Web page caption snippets
-*-*-

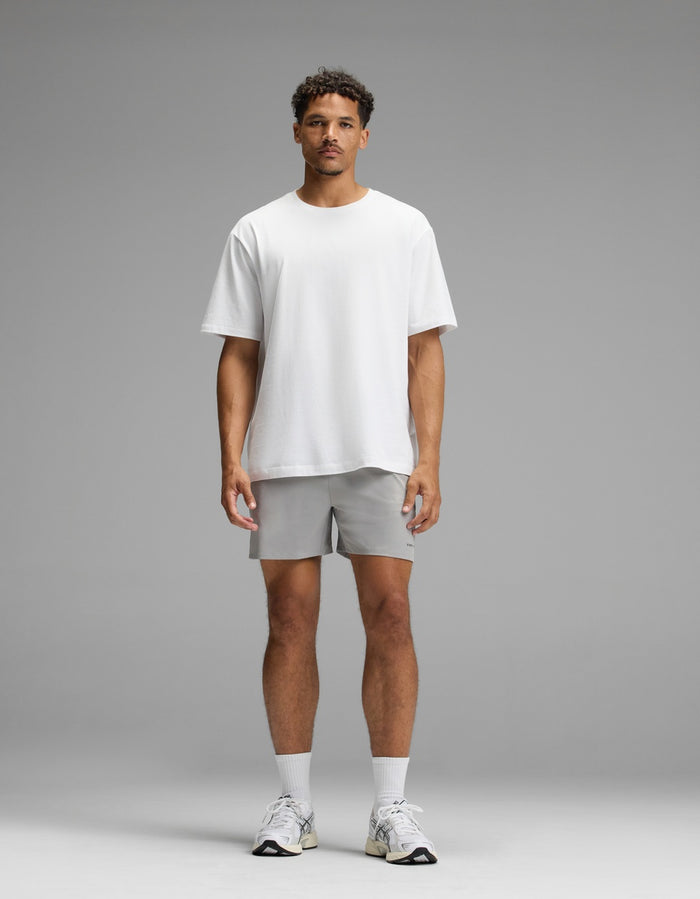 A man stands facing forward against a plain gray background, wearing the Men’s All Day Tee by Cozy Earth, paired with light gray shorts, white socks, and white sneakers.|Color:White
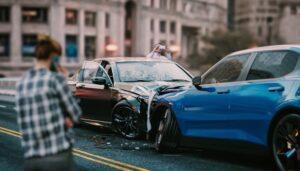 Two cars that have just collided with each other head-on. The drivers are standing outside their cars; one on the phone, the other taking a photo of the motor vehicle collision damage.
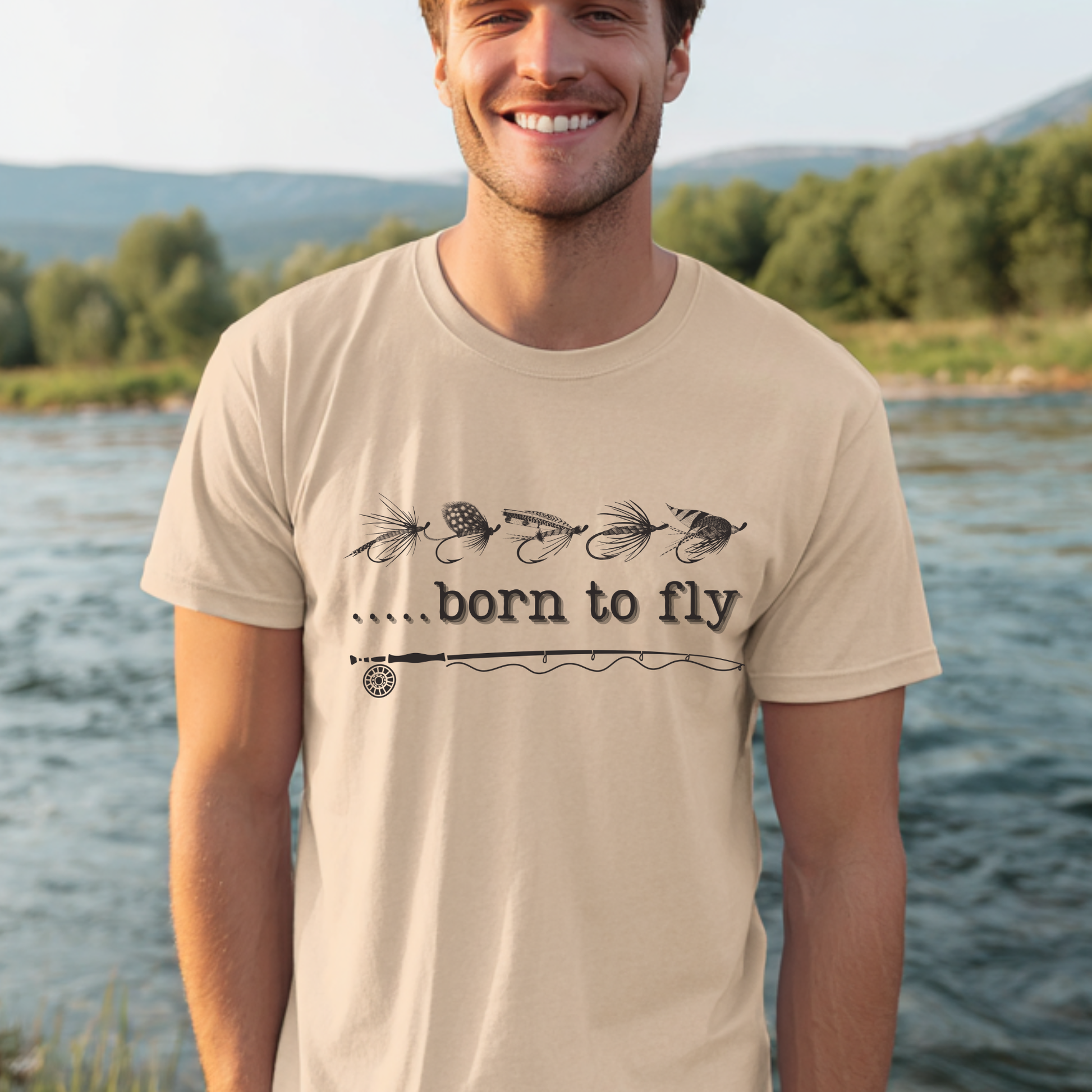 Man wearing a beige t-shirt with 'born to fly' text and fishing lure graphics by a lake.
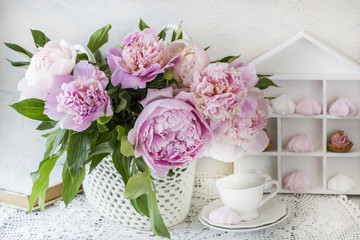 a bouquet of pink peonies on a wooden table in a handmade basket on lace tablecloth, a book, a cup and cakes and meringues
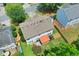 Aerial view of home with lush green backyard with patio, fenced in yard and mature trees at 508 Keeneland Ave, Woodstock, GA 30189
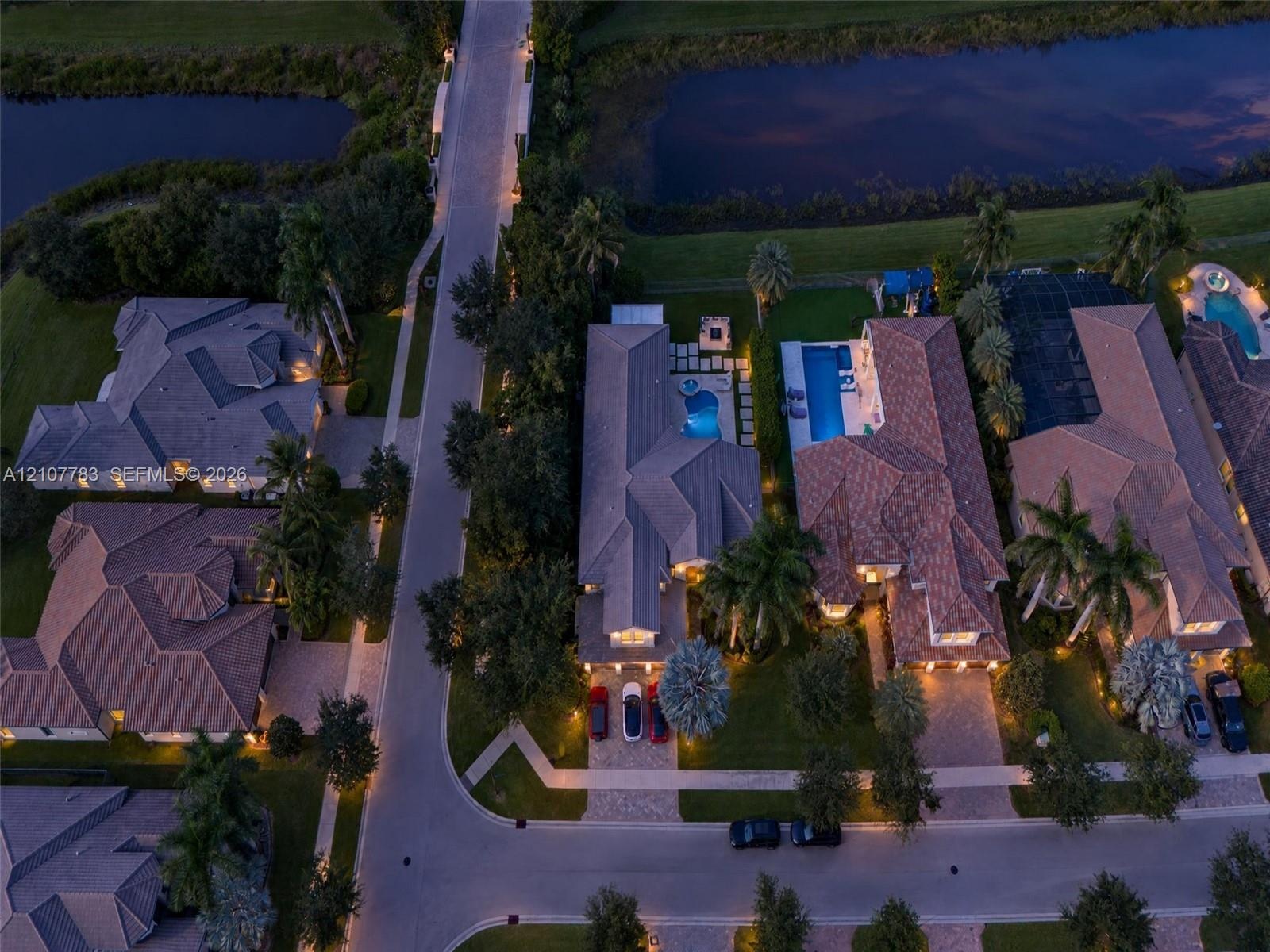 Aerial perspective of residential properties featuring tile roofing, paved driveways, private swimming pools, and landscaped perimeters situated along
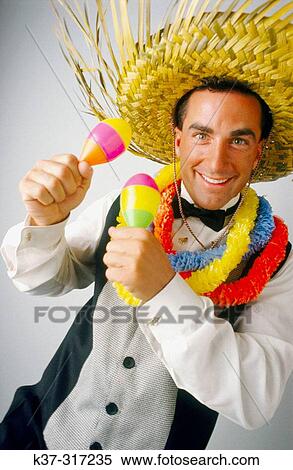 Caribbean style entertainer wearing palm frond hat and leis around his neck View Large Photo Image Stock Photography - Caribbean style entertainer wearing palm frond hat and leis around his neck. Fotosearch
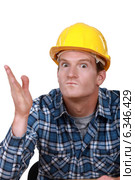 Tradesman looking ready to hit somebody. Стоковое фото, фотограф Phovoir Images / Фотобанк Лори
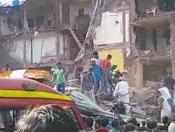 Building crumbles in Mumbai, many feared trapped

-*-*-

TASK BRIEF:
Apart from the pictures, repeat every entry exactly.

RESULT FOR THIS EXERCISE:
 A man stands facing forward against a plain gray background, wearing the Men’s All Day Tee by Cozy Earth, paired with light gray shorts, white socks, and white sneakers.|Color:White
 Two cars that have just collided with each other head-on. The drivers are standing outside their cars; one on the phone, the other taking a photo of the motor vehicle collision damage.
 Man wearing a beige t-shirt with 'born to fly' text and fishing lure graphics by a lake.
 a bouquet of pink peonies on a wooden table in a handmade basket on lace tablecloth, a book, a cup and cakes and meringues
 Aerial view of home with lush green backyard with patio, fenced in yard and mature trees at 508 Keeneland Ave, Woodstock, GA 30189
 Aerial perspective of residential properties featuring tile roofing, paved driveways, private swimming pools, and landscaped perimeters situated along
 Caribbean style entertainer wearing palm frond hat and leis around his neck View Large Photo Image Stock Photography - Caribbean style entertainer wearing palm frond hat and leis around his neck. Fotosearch
 Tradesman looking ready to hit somebody. Стоковое фото, фотограф Phovoir Images / Фотобанк Лори
 Building crumbles in Mumbai, many feared trapped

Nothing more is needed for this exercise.